The post-process step:

  • Ensures no rule was skipped
  • Calculates final statistics
  • Prepares the summary for final output

6.3.7 Final Reply Format

This is extremely important. It forces the LLM to output exactly in a structured format.

FINAL REPLY FORMAT (assistant's output ONLY)
Executive Summary:
Device: {device_name_from_user}
* Total Policies Evaluated: {TOTAL}/{TOTAL}
* Overall Compliance Rate: {COMPLIANT × 100 / TOTAL}%
* Critical Issues: {NON_COMPLIANT}
* Compliant Systems: {COMPLIANT}
* Non-Compliant Systems: {NON_COMPLIANT}

HTML Table (black background)
<table style="width:100%; border-collapse: collapse; background-color: #000000; color: #FFFFFF;">
...
</table>

Key points:

  • Forces a clean summary
  • Requires a professional HTML table
  • Colors indicate compliance state
  • Green: COMPLIANT
  • Red: NON_COMPLIANT
  • Orange: UNABLE
  • Structure ensures this output can be shown directly in dashboards

6.3.8 Error Handling

ERROR HANDLING
• Any retrieval / SSH error → log in thoughts, mark UNABLE, continue.

Purpose:

Ensures:

  • Workflow never crashes
  • Errors are logged
  • The loop continues
  • A device with issues still produces a valid report

This is essential for production stability.

6.3.9 Tone

TONE
Professional, concise, analytical.

Ensures the agent does not sound conversational or casual.

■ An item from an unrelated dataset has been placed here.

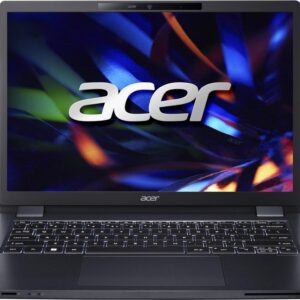 Acer TravelMate P4 14 TMP414-53 - Intel Core i7 1355U / 1.7 GHz - Win 11 Pro - Intel Iris Xe Grafikkarte - 16 GB RAM - 512 GB SSD - 35.6 cm (14) IPS 1920 x 1200 - 802.11a/b/g/n/ac/ax (Wi-Fi 6E) - 4G LTE - Slate Blue - kbd: Deutsch (NX.B3YEG.003)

This example demonstrates how a well-written Prompt Template:

  • Controls the agent's workflow
  • Prevents unpredictable LLM behavior
  • Ensures tool calls happen in correct order
  • Creates precise, formatted output
  • Handles errors gracefully
  • Produces deterministic results across runs
  • Allows users to directly embed the final HTML into UI

It is a high-quality blueprint for building any complex operational agent.

7. Using "Refine with AI" (✨✏️)

The ✨✏️button enables AI-assisted refinement.

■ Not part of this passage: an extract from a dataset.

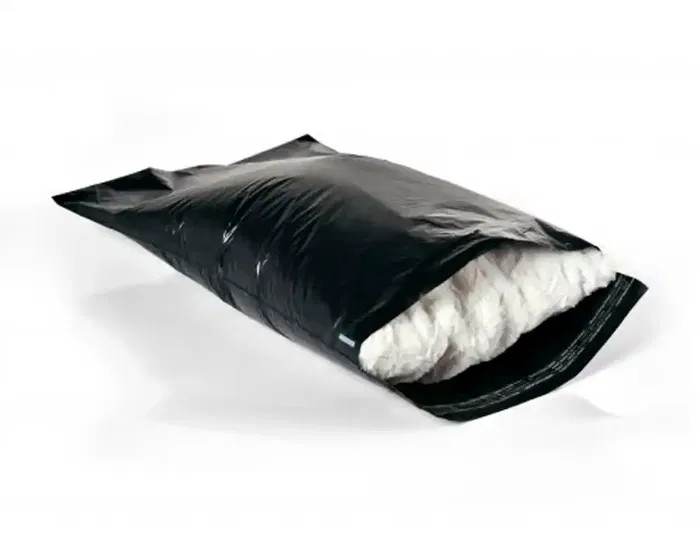 Q-connect Sobre de plástico para envíos 400x600 mm Negro 100% Recicladas Autocierre Q-connect Sobre de plástico para envíos 400x600 mm Negro 100% Recicladas Autocierre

7.1 Actions You Can Perform

  • Improve clarity
  • Add structure
  • Rewrite for determinism
  • Convert text into SOP-style numbered instructions
  • Generate HTML/CSS table templates
  • Enforce specific output sections
  • Long workflows
  • Templates involving multiple tools
  • Complex decision logic
  • Compliance or diagnostic procedures

7.3 Benefits

  • Reduces human effort
  • Produces better quality templates
  • Ensures more deterministic agent behavior
  • Eliminates vague language

8. Summary

Section Purpose
Prompt Template Defines instructions and workflow
Tool Order Ensures correct operations & sequencing
Initialization Sets up counters, logs, and environment
Main Loop Executes core logic
Final Output Format Ensures predictable responses
Refine with AI ✨ Boosts prompt-engineering quality

Prompt Templates are the procedural backbone of Fabrix.ai Agents, ensuring they produce deterministic, accurate, and highly structured outputs.